TRY IT ▸ Print only the lines from the one with "Used 2021 Jeep" through the end of the data, exactly, and please omit pictures.

MATERIAL TO PROCESS ▸
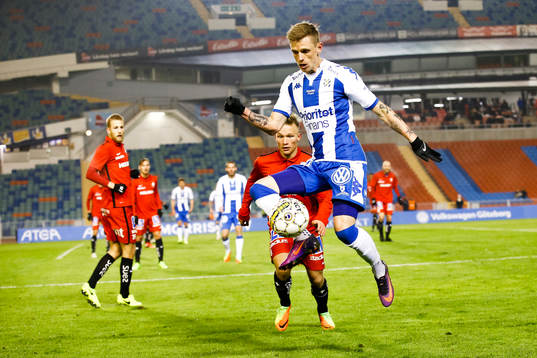 Norrköpings Nicklas Bärkroth och IFK Göteborgs Sören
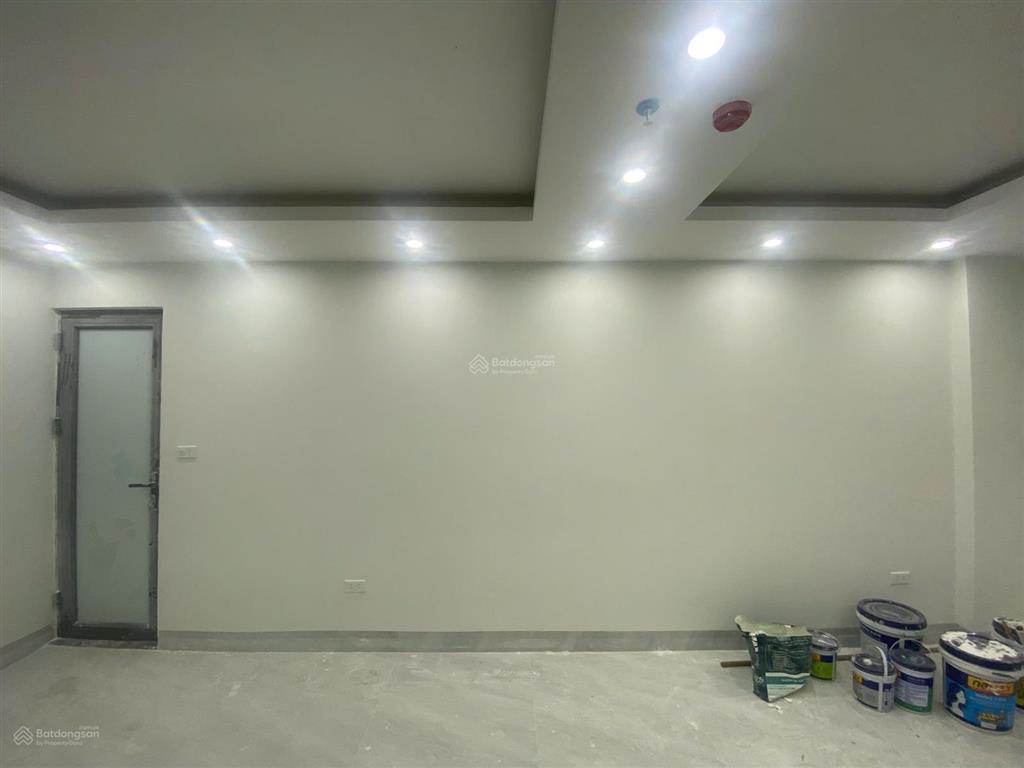 Cho thuê mbkd gần mặt đường ngõ 114 vũ trọng phụng cách 10m rộng 30m2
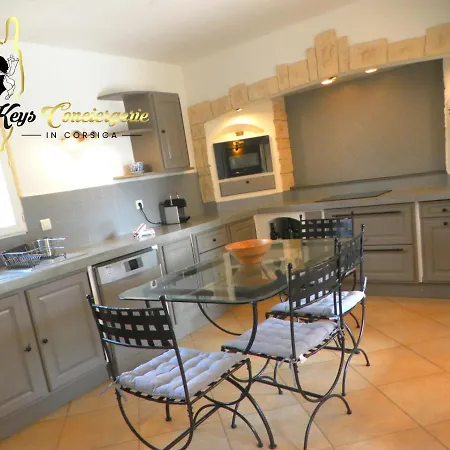 Villa Mozzi'S Jacuzzi Grand Jardin 6 Pers - 5 Min Plage Fautea 100% Farniente Sainte-Lucie de Porto-Vecchio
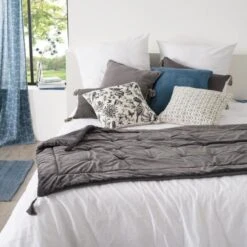 Edredon Velours Sonia - 80 X 180 Cm - Gris -Philips Boutique edredon velours sonia 80 x 180 cm gris 3560238657959 735674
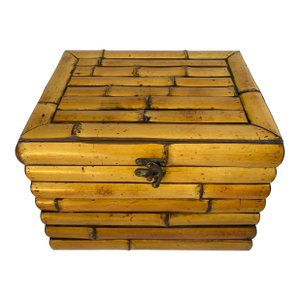 Vintage Bamboo Jewelry Box or Keepsake Chest in Natural Bamboo, Asian-Inspired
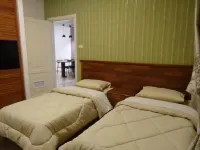 Golden Palace Hotel Apartments Các khách sạn ở 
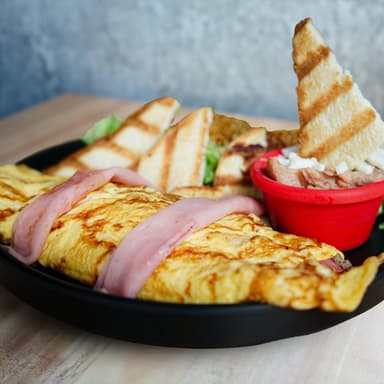 Omelette Jamón y Queso
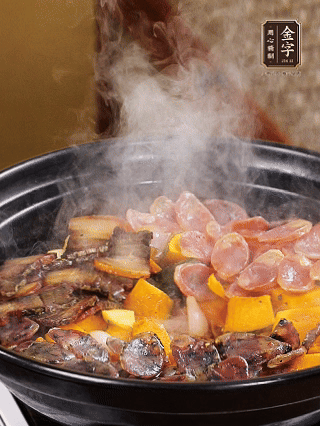 關(guān)火鋪上土香腸、梅干菜香腸、醬肉，加生抽、清水、黑胡椒粉調(diào)成的料汁，中火焗5分鐘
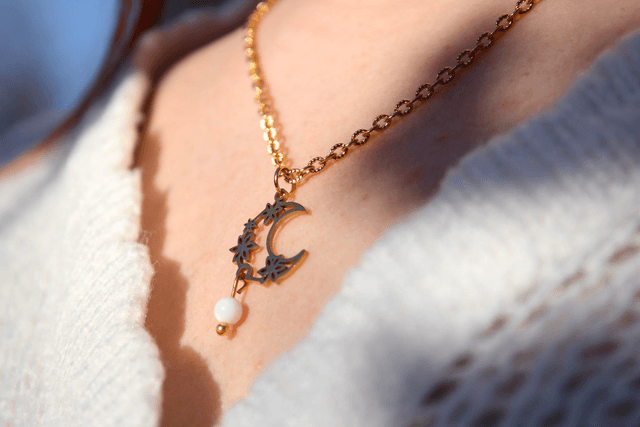 Collier Lune fleurie 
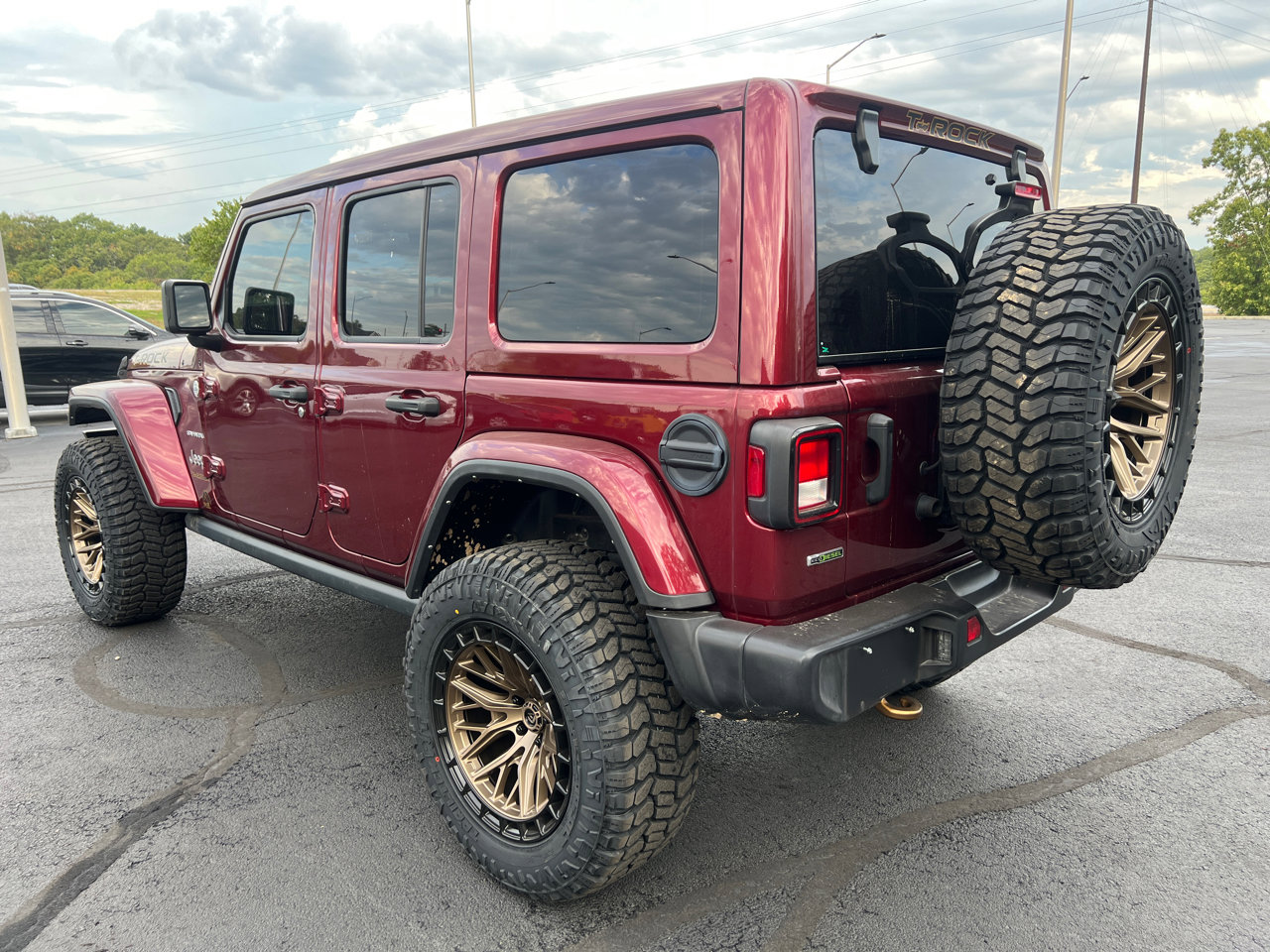Used 2021 Jeep Wrangler Unlimited Sahara image 2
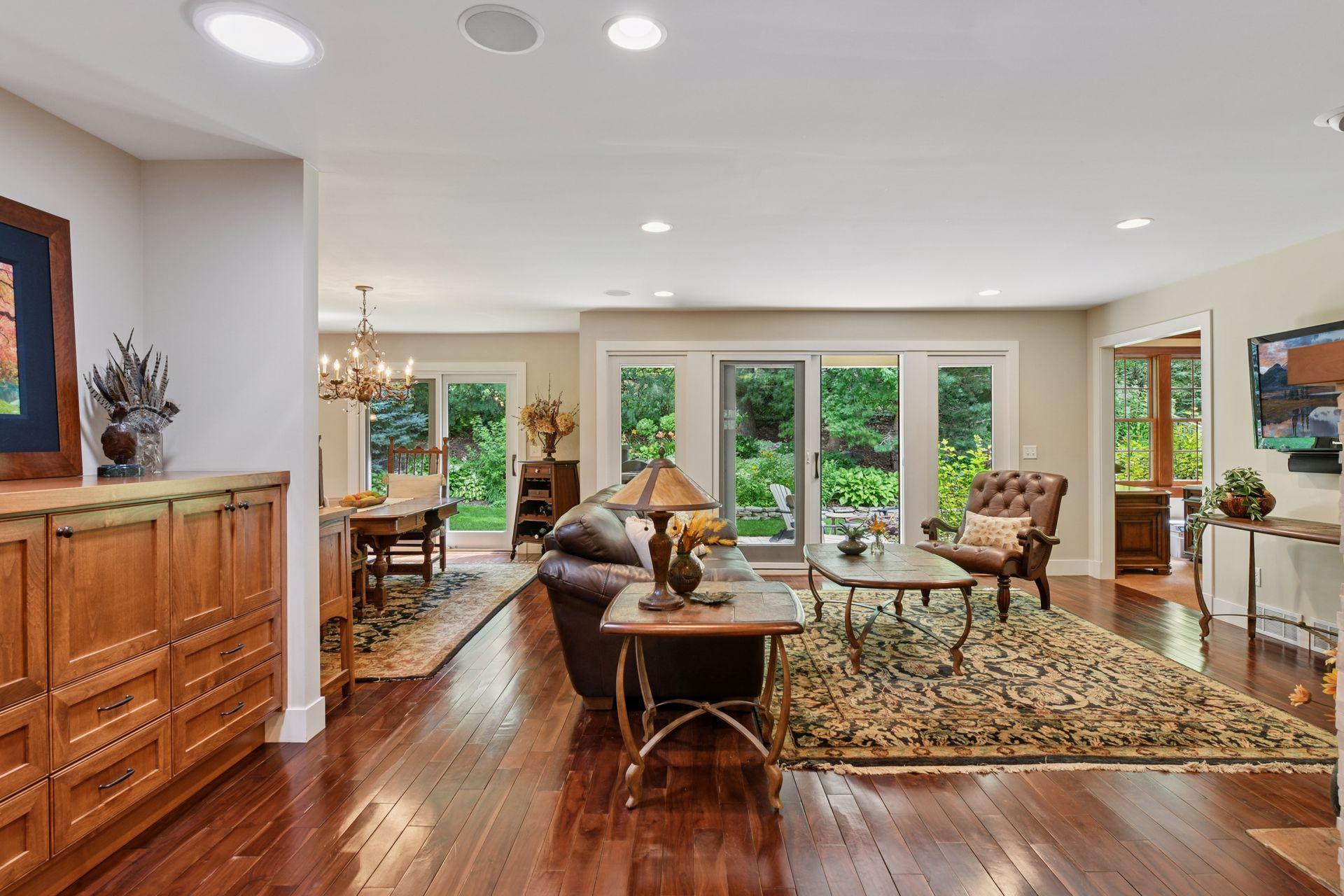 220 Glenbrook Road N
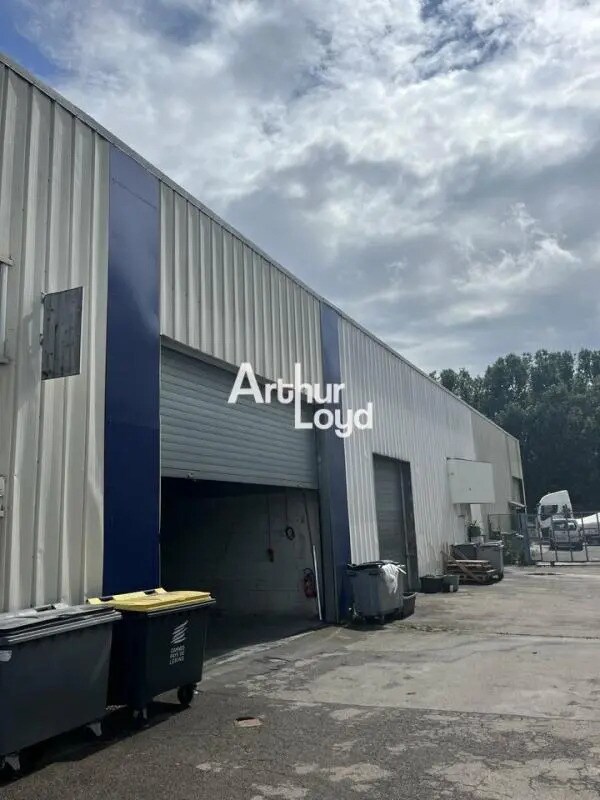 Plus de détails pour Local d'activités à louer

RESPONSE TO THE EXERCISE ▸
Used 2021 Jeep Wrangler Unlimited Sahara image 2
 220 Glenbrook Road N
 Plus de détails pour Local d'activités à louer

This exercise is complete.